Directions: For each record that follows, give it back exactly, with no pictures included.
☆ ☆ ☆ ☆ ☆
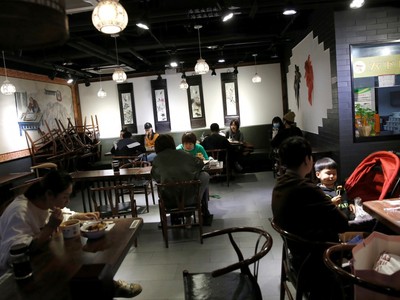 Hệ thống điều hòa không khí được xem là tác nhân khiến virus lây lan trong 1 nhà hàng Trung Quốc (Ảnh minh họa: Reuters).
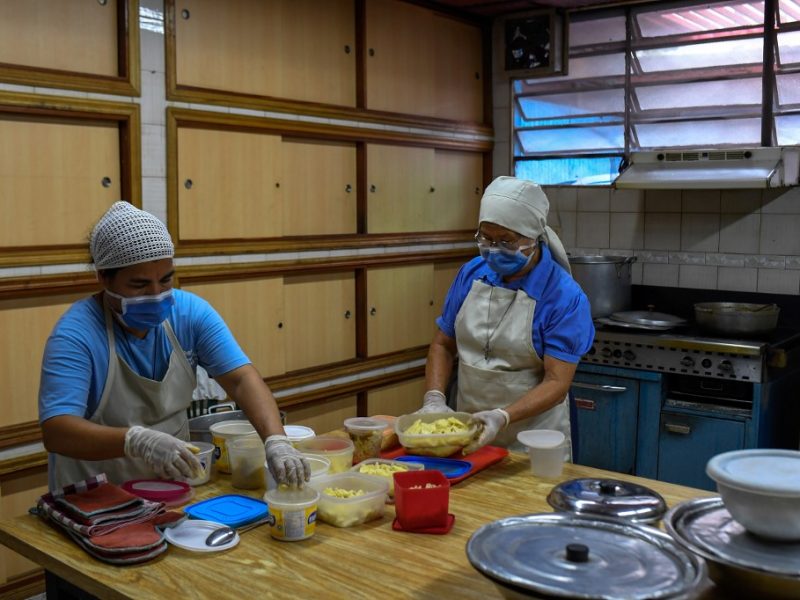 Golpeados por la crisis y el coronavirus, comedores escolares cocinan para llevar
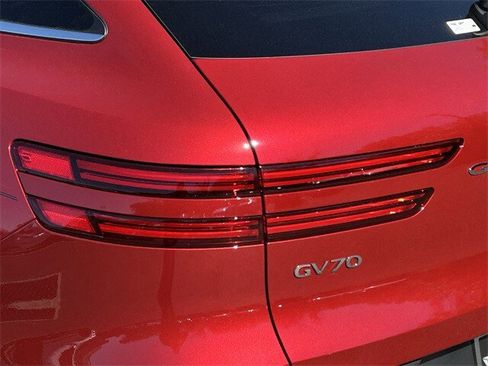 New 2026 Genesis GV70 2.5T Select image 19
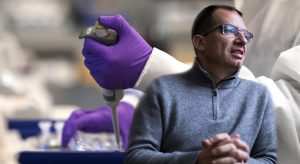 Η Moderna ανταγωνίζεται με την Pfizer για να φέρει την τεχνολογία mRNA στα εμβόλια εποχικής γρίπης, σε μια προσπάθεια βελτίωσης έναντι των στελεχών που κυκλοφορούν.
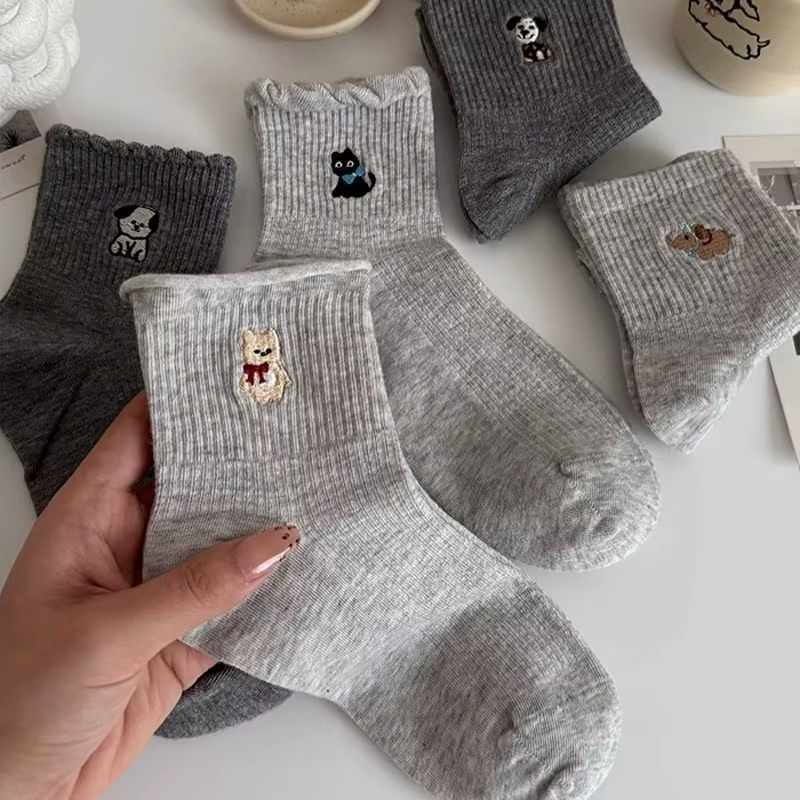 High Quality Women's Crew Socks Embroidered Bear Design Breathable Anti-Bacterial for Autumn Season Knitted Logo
☆ ☆ ☆ ☆ ☆
Task result:
 Hệ thống điều hòa không khí được xem là tác nhân khiến virus lây lan trong 1 nhà hàng Trung Quốc (Ảnh minh họa: Reuters).
 Golpeados por la crisis y el coronavirus, comedores escolares cocinan para llevar
 New 2026 Genesis GV70 2.5T Select image 19
 Η Moderna ανταγωνίζεται με την Pfizer για να φέρει την τεχνολογία mRNA στα εμβόλια εποχικής γρίπης, σε μια προσπάθεια βελτίωσης έναντι των στελεχών που κυκλοφορούν.
 High Quality Women's Crew Socks Embroidered Bear Design Breathable Anti-Bacterial for Autumn Season Knitted Logo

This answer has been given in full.